When to Use the Median

It is best to use the median when the distribution is either skewed or there are outliers present.

Skewed Data:

When a distribution is skewed, the median does a better job of describing the center of the distribution than the mean.

For example, consider the following distribution of salaries for residents in a certain city:

When would you use the median rather than the mean as a measure of central tendency?

The median does a better job of capturing the “typical” salary of a resident than the mean. This is because the large values on the tail end of the distribution tend to pull the mean away from the center and towards the long tail.

In this example, the mean tells us that the typical individual earns about $47,000 per year while the median tells us that the typical individual only earns about $32,000 per year, which is much more representative of the typical individual.

Outliers:

The median also does a better job of capturing the central location of a distribution when there are outliers present in the data. For example, consider the following chart that shows the square footage of houses on a certain street:

When would you use the median rather than the mean as a measure of central tendency?

The mean is heavily influenced by a couple extremely large houses, while the median is not.
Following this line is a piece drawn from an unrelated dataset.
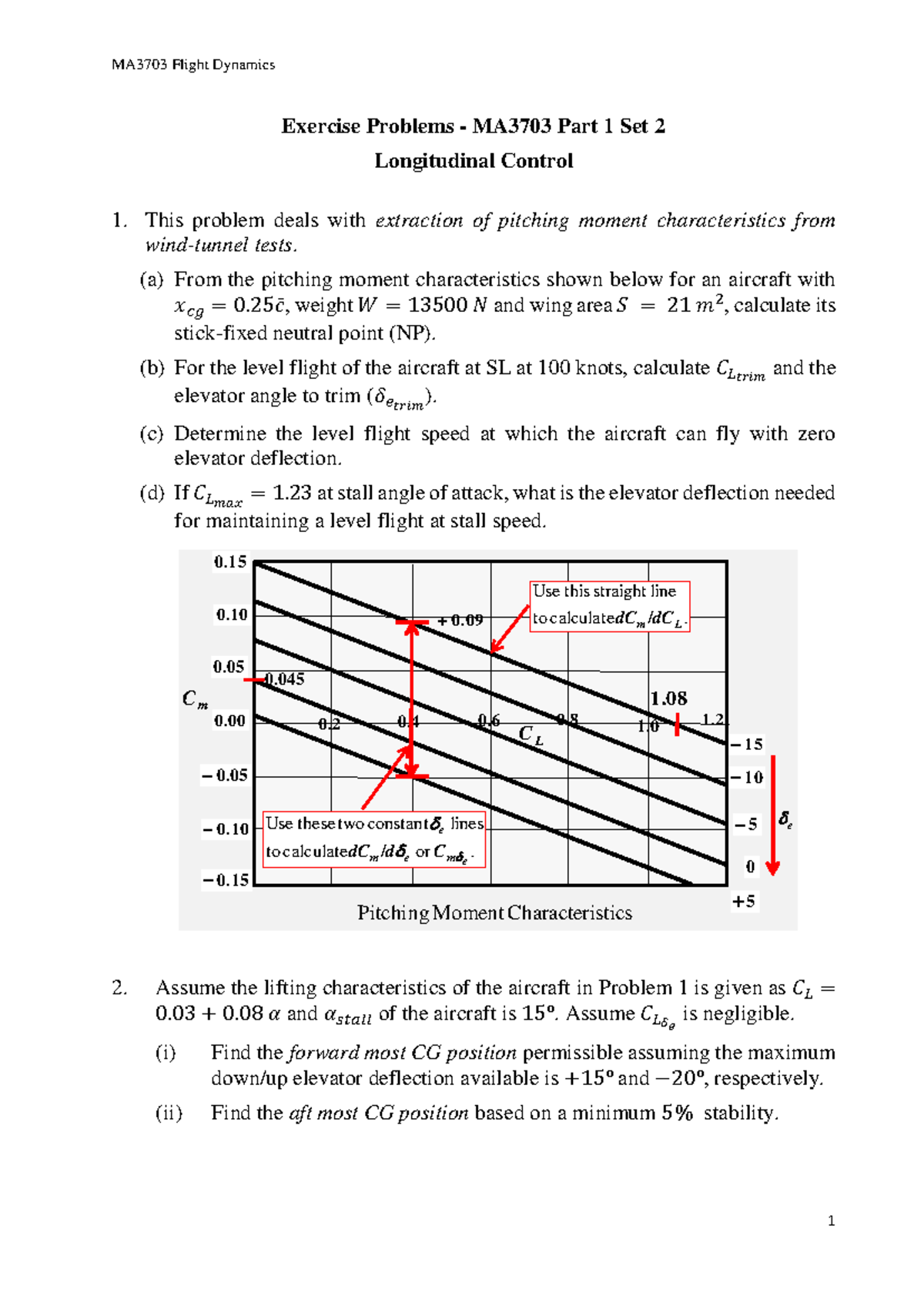 Exercise Problems- Part 1 Set 2 Longitudinal Control - MA3703 Flight ...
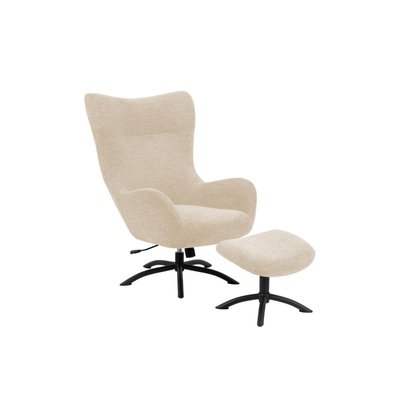Fauteuil à oreilles pivotant avec repose-pieds en tissu - BRISTOL HELLIN, DEPUIS 1862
Thus, the median does a better job of capturing the “typical” square footage of a house on this street compared to the mean.

Summary

In summary:

  • Both the mean and the median can be used to describe where the “center” of a dataset is located.
  • It’s best to use the mean when the distribution of the data values is symmetrical and there are no clear outliers.
  • It’s best to use the median when the the distribution of data values is skewed or when there are clear outliers.

Additional Resources

How Do Outliers Affect the Mean?
How to Estimate the Mean and Median of Any Histogram
How to Find the Mean & Median of Stem-and-Leaf Plots

When would you use median rather than mean?

The answer is simple. If your data contains outliers such as the 1000 in our example, then you would typically rather use the median because otherwise the value of the mean would be dominated by the outliers rather than the typical values. In conclusion, if you are considering the mean, check your data for outliers.
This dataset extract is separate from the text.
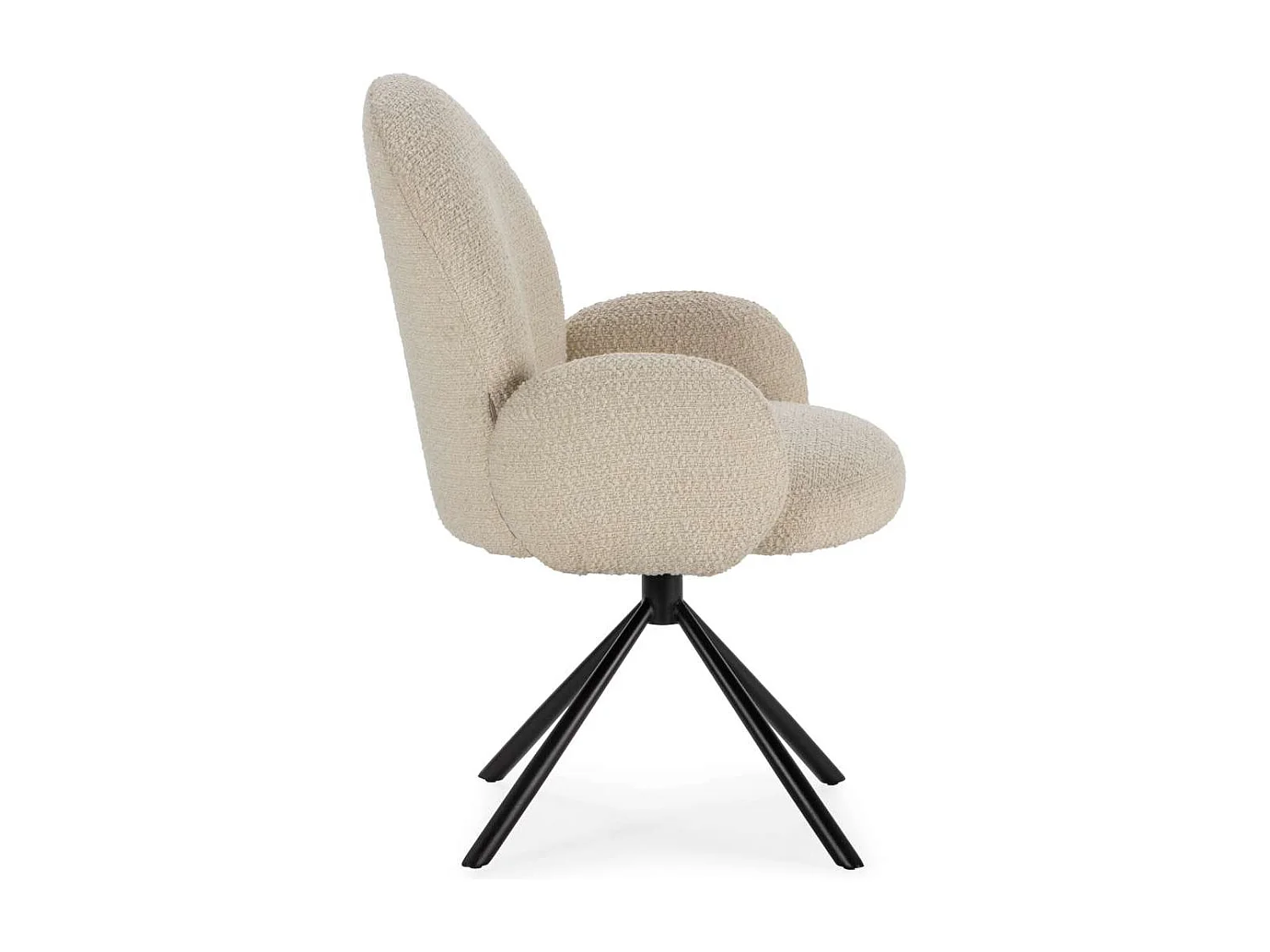 Sillón giratorio modelo Damas con brazos tapizado textil blanco, 89cm(alto) 64cm(ancho) 6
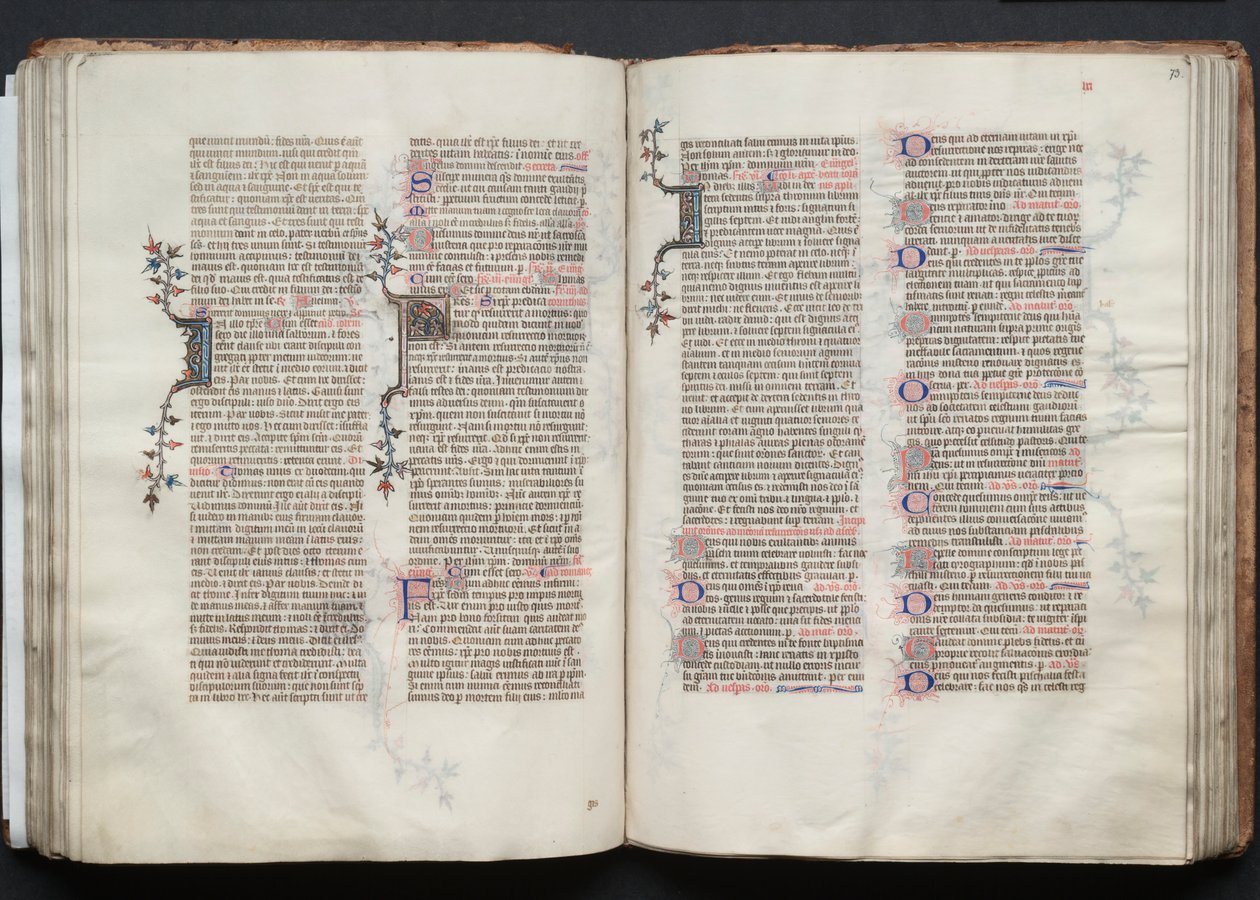A Gotha Misekönyv: Fol. 73r, Szöveg, c. 1375. alkotó: Master of the Boqueteaux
Why would we choose to use the median as the measure of central tendency rather than the mean?

The mean is the most frequently used measure of central tendency because it uses all values in the data set to give you an average. For data from skewed distributions, the median is better than the mean because it isn't influenced by extremely large values.
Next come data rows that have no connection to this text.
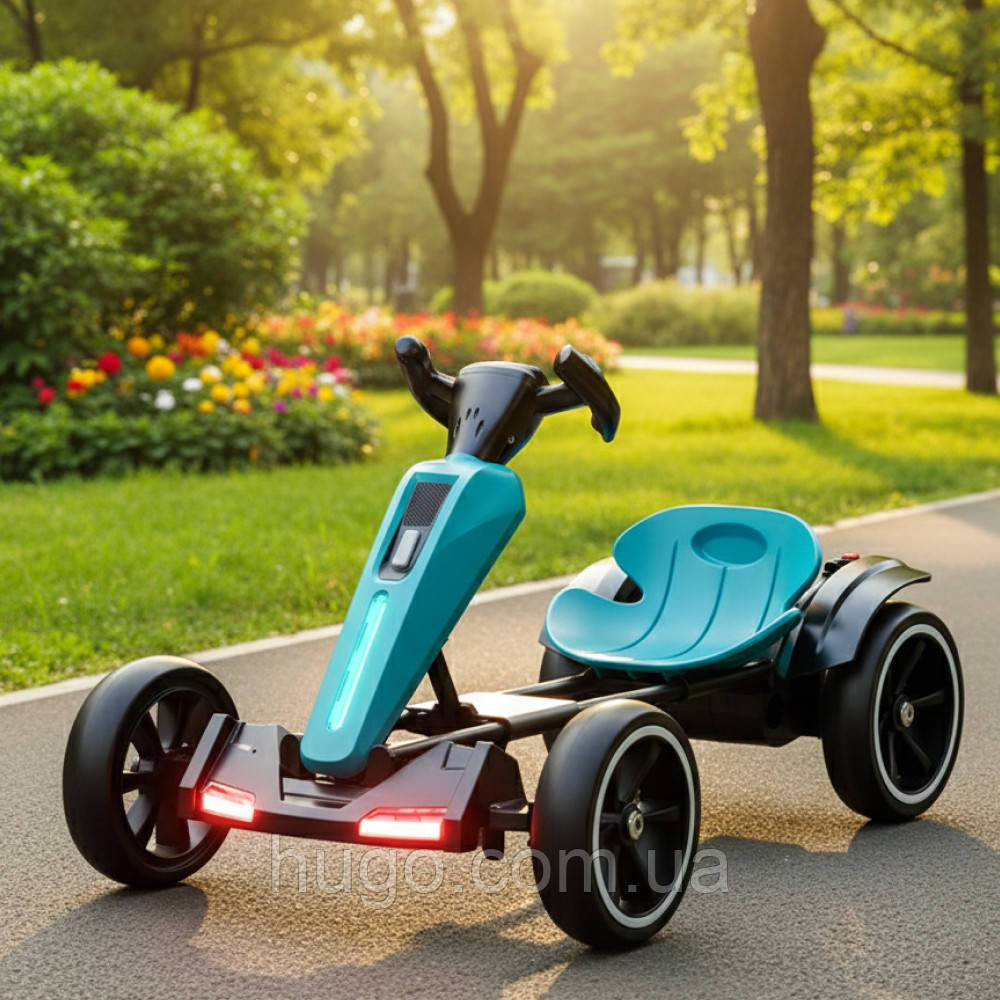 Дитячий електрокарт 5км/год, до 50кг, 85х56х51см, Bambi M6277 EBR-3, Синій / Електричний карт / Складаний електрокарт, фото 1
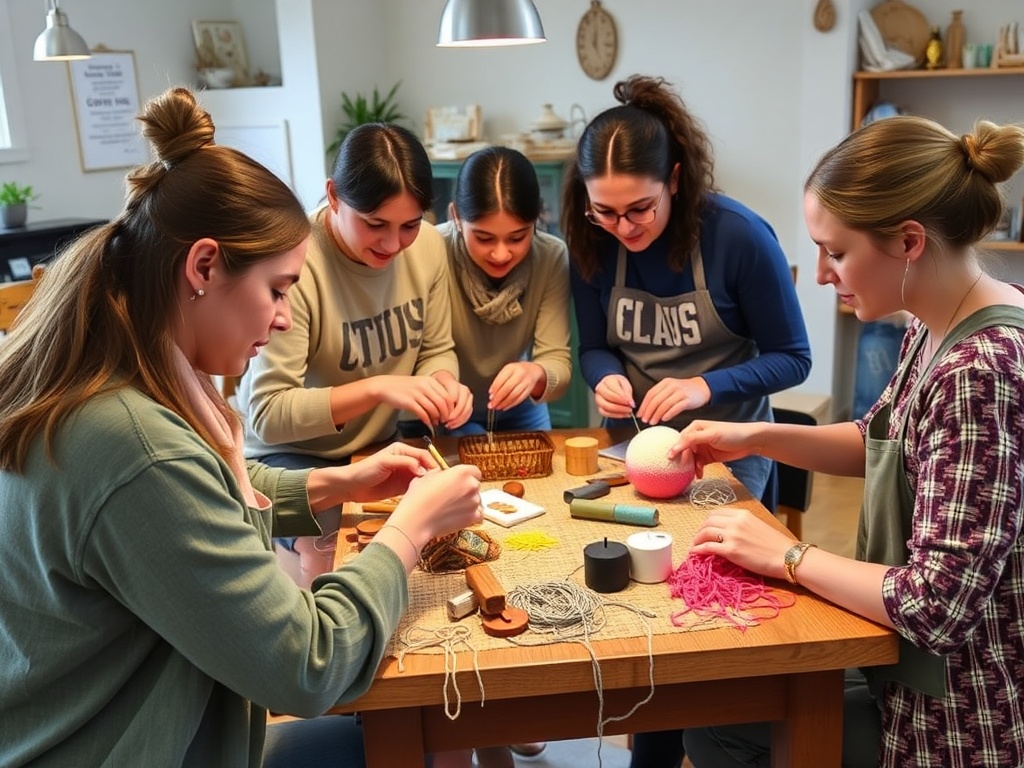 A group of crafters collaborating on a project together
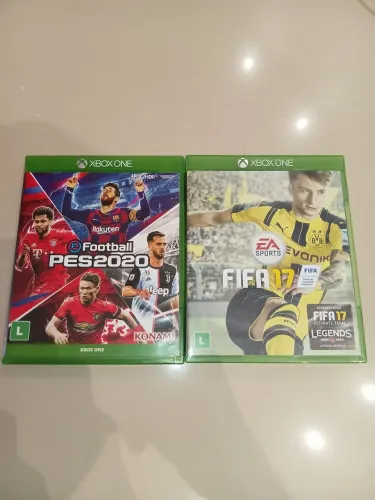 PES 2020 + FIFA 17 XBOX ONE sem detalhes.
When would you use median as a measure of central tendency?

The median is less affected by outliers and skewed data than the mean, and is usually the preferred measure of central tendency when the distribution is not symmetrical.

When should you use the median rather than the mean to measure the center of a distribution of quantitative data?

The median is usually preferred to other measures of central tendency when your data set is skewed (i.e., forms a skewed distribution) or you are dealing with ordinal data. However, the mode can also be appropriate in these situations, but is not as commonly used as the median.